Lovely or beautiful, Scorpius mused, it didn’t really matter. The hunchback ice cream man had an obsession, even about her straight hair and her slightly vacant expression. He needed to have her in his life, and then it would be complete.
He devised a way to catch her attention, and wrote a list. He sent out letters to overseas merchants. Quantities and exact numbers were calculated, and burnt into his brain. He went on trips to France and Italy, personally selecting each item, checking for colour, intensity, shape, weight.
All Sunday he closed the shop and worked behind the shutters in the window. He worked all through the night, and then into the morning, even when he could hear his fellow shop keepers opening their doors. Suddenly he opened the shutters, and watched as the usual customers and bystanders waited eagerly.
There was an intake of breath, and a murmur of admiration that tittered between them. He smiled. It had passed the first test. Now all he had to do was wait.
A little child with red hair skipped into the shop smiling. ‘It’s really great, Mister.’ He said, and then paused. ‘Can I have two scoops of Chocolate Madness?’
Another regular on his way to the bookshop gave his praise. ‘It’s your best yet, really. A masterpiece. And believe you me, I do not use that word lightly.’
Then she appeared, her long legs encased in nylon tights, her feet clacking over the pavement in patent black stilettos. He left the customer in mid sentence and moved to the window, waiting to see if she would notice.
She was rushing for work, but still managed to catch a glimpse of herself in the reflection of a window, and pouted a little. She walked straight past his window without a second glance. He waited, expecting her maybe to leave her shop and walk past, or come in for an ice cream. She didn’t come.
At about lunch time She left her shop again and passed his window by, in the early afternoon she came back swinging with a bag of grapes on her arm and she didn’t even look his way, but rather was preoccupied by her reflection in the mirror of a bicycle.
Had she looked she would have seen herself modelled in his window, head, shoulders, body, feet, faithful to her image and sculpted out of ice cream and cones. She had a peach sorbet complexion, juicy strawberry lips, long waves of chocolate madness hair, eyebrows of liquorice, small freckles of malt sprinkle, ears fashioned out of a cone, the yellowy-white of vanilla bean for the dress. There were others, too subtle to pick up immediately but that contributed to the whole irrevocably.

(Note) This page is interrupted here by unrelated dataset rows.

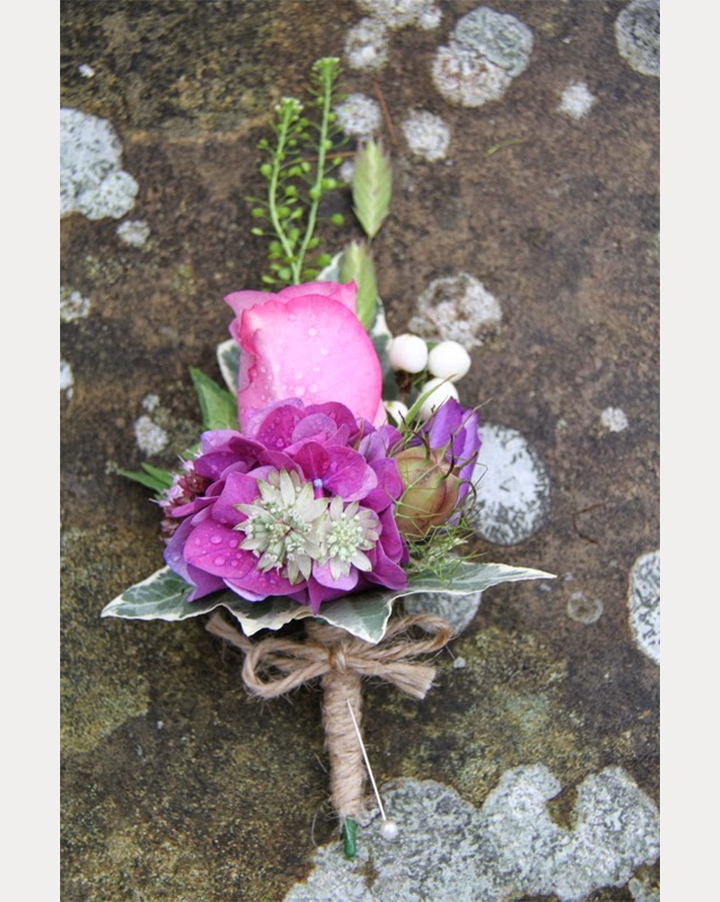 Over 40 Fabulous Boutonnières You're Gonna Love! ~ we ❤ this! moncheribridals.com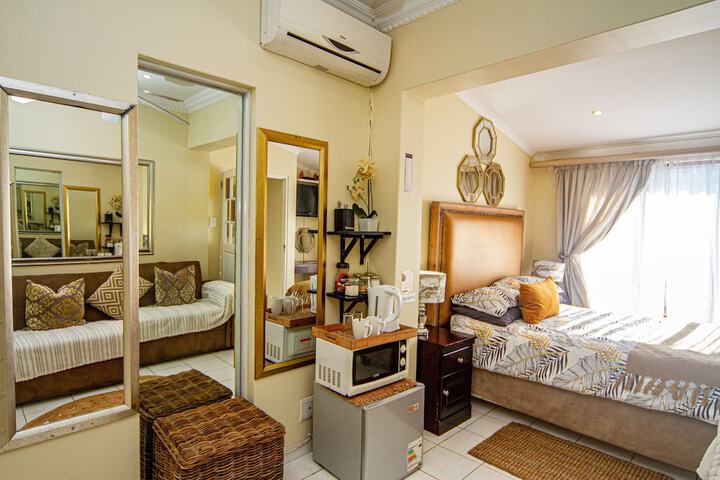 Room 21 of 104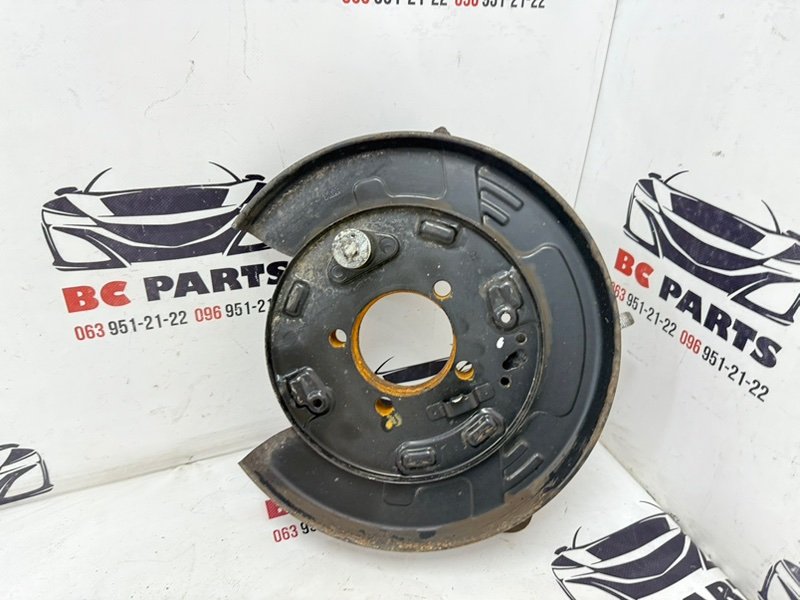 Цапфа задняя правая RX 350 2012 3.5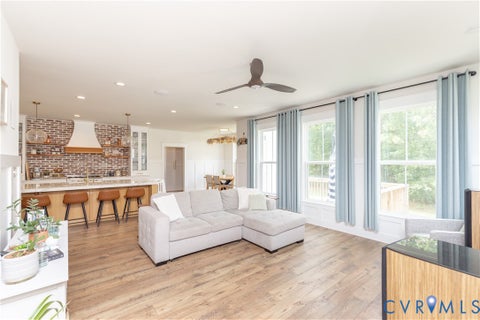 Tiny photo for 5512 Mossy Oak Road, Moseley, VA 23120 (MLS # 2626819)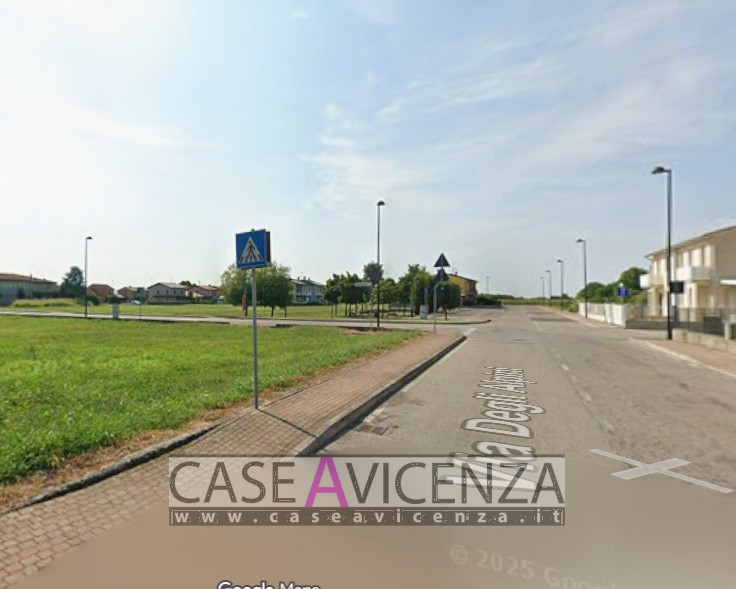 ufficio in vendita ad Albettone in zona Lovertino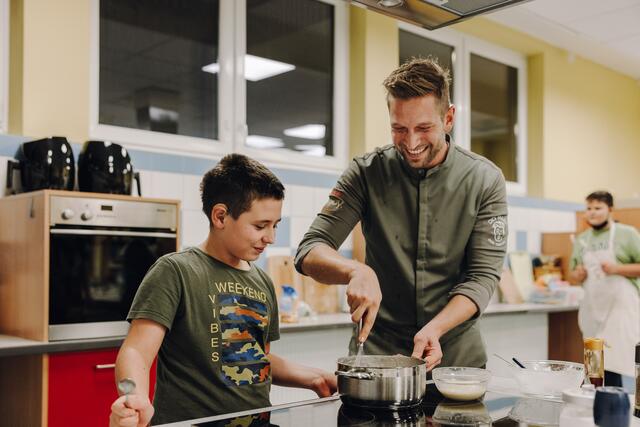 Haubenkoch Didi Maier, ehrenamtliches Testimonial von easykids bei einem Kochkurs für betroffene Kinder und Jugendliche . | Foto: Avos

It was all there, faithful to a tee, and beautiful too. The only thing that he had been unable to find was the eyes, the intensity of the light blue he had slaved away with dye all night, but had been unable to capture. Without the eyes she had been apparently unable to see herself.

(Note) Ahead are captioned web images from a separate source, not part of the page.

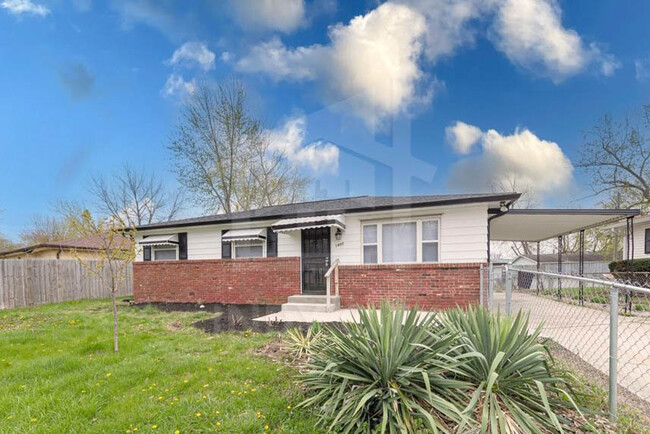property at 1801 S Drexel Ave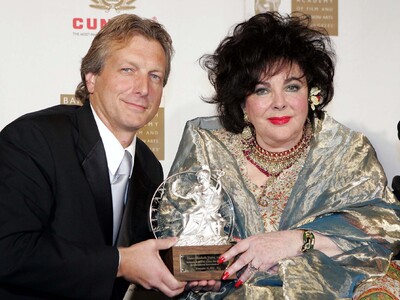 Η Ελίζαμπεθ Τέιλορ θαυμάστρια του twitter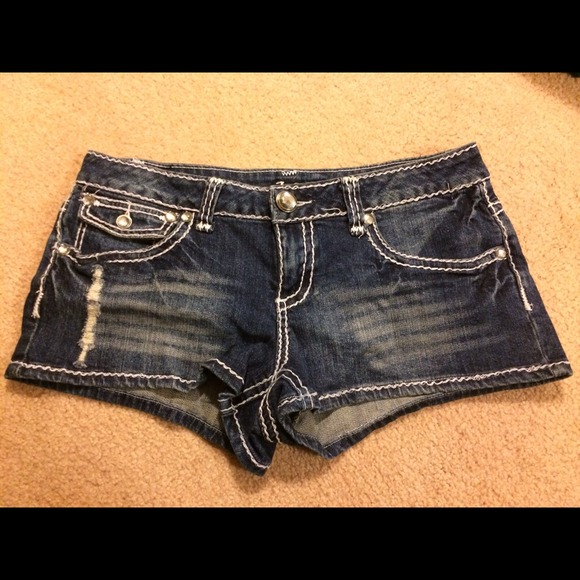 Miss Me inspired shorts size 11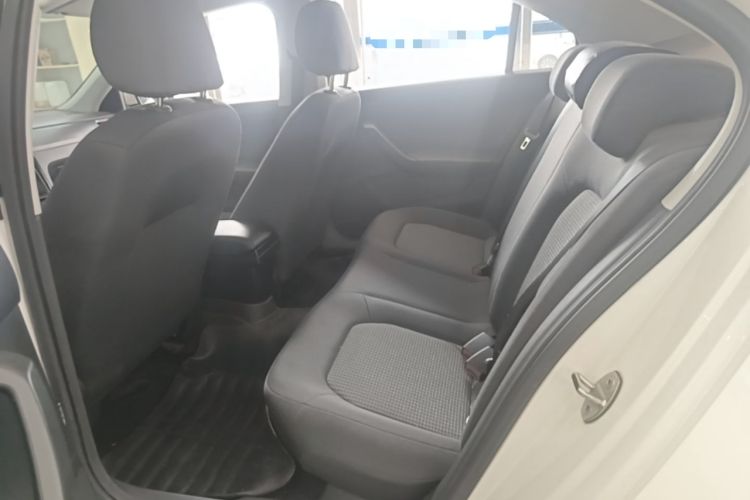 Used Volkswagen Santana 2017 Haval H6 1.6L Automatic Fashion Edition Left Rear Seat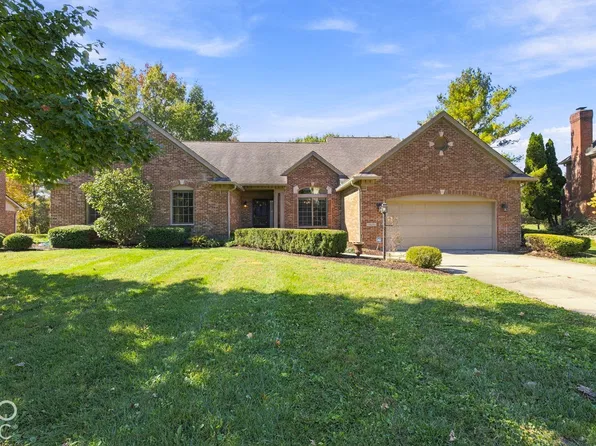 1825 Continental Dr, Zionsville, IN 46077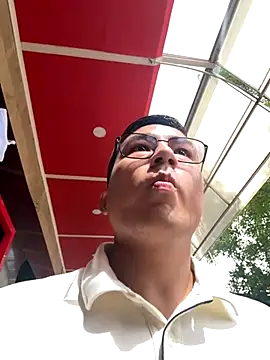 andrewmhilton  online show from October 8, 6:38 pm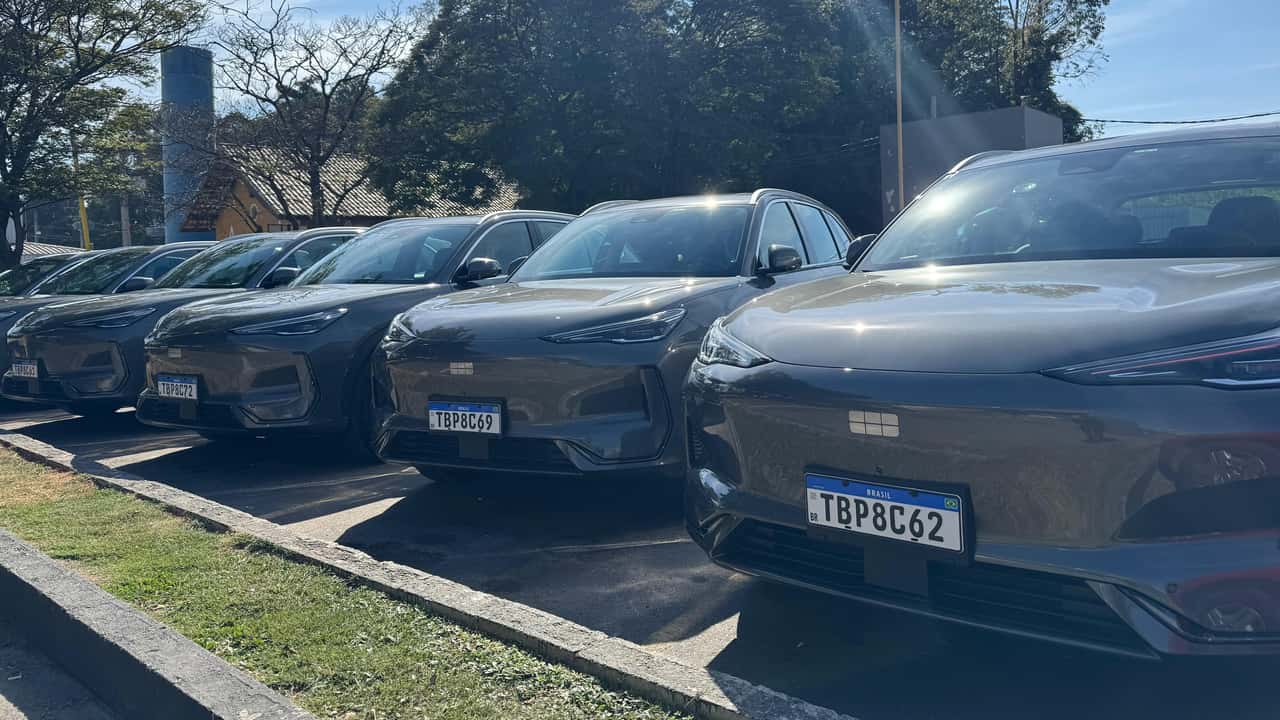 Geely EX5 chega ao Brasil contra BYD e preços partem de R$ 195.800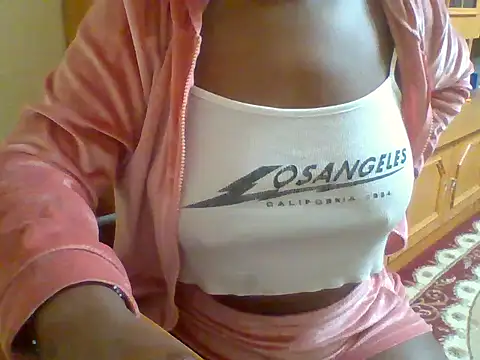 Snapshot of melaninebony2 chatting on March 16, 6:01 pm melaninebony2 online show from March 16, 6:01 pm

As scorpius finished the story he reached across Rose to get his pile of books and apple core, and had accidently brushed against her.

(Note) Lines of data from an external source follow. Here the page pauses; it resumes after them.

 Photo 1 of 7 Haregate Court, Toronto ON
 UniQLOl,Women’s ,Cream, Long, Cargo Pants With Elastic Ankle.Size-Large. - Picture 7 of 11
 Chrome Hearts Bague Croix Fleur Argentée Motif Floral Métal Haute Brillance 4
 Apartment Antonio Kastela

‘Why did he have to be a hunchback?’
‘It doesn’t matter. It’s only a story.’
‘But why? He already had enough problems what with the self-obsessed girl and working the shop all by himself.’
‘It doesn’t matter.’
When Scorpius had left the story hanging like a stalactite in mid air Rose felt imapatient and annoyed at his indifference. It did matter about these things. Like why did he have to label himself an ‘ice cream-ologist?’ and did the girl ever stop in front of the shop and see herself? And then what, what did she do then? And what about those shoes? What brand were they? And how come she was so obsessed with her reflection?
‘It doesn’t matter.’ Scorpius repeated, looking deeply at her. ‘Why do you think these things matter.’
‘Because they do.’ Rose replied huffily, ‘They do matter. I want to know if these stories are true or not.’
‘They’re stories, Rose, what do you think?’
A/N; Another incredibly long wait. I am so so so so so so so so sorry. I hope you like this! more scorpius for all of you that love him so. I know i do!!! I loved this chapter, poor Rose is lost in front of the haughty but nonchalant cool of our hero. I'm so glad people like this story, thanks for reading,. You guys are amazing!!!!